[Instructions to follow]:
If a line in the records below contains the word "White", copy it.
**** Records provided
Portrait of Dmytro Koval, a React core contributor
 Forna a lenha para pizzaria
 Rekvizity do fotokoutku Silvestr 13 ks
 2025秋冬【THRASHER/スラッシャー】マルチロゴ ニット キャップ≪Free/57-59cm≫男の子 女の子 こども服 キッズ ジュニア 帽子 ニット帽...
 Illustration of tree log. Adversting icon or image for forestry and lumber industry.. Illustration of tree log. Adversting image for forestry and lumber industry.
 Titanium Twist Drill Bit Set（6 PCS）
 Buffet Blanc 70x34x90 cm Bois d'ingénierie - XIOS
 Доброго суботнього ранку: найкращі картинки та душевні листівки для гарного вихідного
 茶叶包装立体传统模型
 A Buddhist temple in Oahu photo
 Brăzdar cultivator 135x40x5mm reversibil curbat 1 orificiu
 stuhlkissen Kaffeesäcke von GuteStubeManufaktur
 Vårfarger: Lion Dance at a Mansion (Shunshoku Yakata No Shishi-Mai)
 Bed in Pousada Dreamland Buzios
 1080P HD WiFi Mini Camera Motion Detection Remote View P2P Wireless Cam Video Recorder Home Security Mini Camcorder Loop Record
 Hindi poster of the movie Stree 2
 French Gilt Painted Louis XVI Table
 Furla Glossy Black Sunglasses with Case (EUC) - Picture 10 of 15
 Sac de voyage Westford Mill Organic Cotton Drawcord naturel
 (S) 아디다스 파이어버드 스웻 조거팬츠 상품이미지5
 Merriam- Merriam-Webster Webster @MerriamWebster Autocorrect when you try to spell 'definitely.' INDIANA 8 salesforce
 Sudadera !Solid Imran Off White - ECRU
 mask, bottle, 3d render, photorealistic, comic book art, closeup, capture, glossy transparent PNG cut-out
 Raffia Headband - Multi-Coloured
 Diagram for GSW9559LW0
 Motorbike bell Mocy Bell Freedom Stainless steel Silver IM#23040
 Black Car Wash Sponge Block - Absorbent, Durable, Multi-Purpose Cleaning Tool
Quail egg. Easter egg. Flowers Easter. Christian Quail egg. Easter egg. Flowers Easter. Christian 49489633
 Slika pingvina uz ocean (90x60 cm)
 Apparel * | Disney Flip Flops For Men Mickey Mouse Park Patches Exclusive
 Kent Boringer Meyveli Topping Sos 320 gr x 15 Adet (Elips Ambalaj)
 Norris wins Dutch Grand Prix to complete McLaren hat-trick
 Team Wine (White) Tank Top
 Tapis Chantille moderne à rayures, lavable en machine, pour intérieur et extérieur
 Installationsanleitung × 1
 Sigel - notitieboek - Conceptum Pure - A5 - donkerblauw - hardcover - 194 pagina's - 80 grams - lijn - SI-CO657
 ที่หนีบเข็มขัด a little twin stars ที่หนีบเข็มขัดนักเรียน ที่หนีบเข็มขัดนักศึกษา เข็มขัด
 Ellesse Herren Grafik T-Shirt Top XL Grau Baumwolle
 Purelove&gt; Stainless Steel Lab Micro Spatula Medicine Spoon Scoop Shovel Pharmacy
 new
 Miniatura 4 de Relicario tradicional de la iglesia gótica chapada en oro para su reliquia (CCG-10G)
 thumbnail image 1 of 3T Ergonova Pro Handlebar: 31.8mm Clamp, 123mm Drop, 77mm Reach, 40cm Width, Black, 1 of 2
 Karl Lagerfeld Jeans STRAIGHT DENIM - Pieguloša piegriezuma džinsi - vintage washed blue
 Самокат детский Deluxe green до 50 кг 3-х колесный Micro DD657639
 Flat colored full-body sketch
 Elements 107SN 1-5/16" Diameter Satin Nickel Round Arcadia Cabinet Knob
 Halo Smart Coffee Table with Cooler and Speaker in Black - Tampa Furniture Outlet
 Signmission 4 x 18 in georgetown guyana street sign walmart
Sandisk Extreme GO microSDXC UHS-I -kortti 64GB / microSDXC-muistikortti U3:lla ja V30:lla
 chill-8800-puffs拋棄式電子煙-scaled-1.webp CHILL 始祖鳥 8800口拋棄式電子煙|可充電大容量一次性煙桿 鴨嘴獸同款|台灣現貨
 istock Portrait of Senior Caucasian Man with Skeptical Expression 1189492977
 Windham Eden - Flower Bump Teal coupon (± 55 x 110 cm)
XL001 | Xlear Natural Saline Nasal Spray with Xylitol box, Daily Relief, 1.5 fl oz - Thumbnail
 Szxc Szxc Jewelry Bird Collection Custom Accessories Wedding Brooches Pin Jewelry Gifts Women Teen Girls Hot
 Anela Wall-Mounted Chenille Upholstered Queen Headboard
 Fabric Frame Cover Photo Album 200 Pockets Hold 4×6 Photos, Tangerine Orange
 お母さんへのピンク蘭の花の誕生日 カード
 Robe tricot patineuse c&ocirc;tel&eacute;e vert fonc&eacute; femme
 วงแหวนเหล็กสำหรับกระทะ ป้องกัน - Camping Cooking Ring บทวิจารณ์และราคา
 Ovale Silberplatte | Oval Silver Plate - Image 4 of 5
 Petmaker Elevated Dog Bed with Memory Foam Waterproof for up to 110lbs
********
[Result below]:
 Sudadera !Solid Imran Off White - ECRU
 Team Wine (White) Tank Top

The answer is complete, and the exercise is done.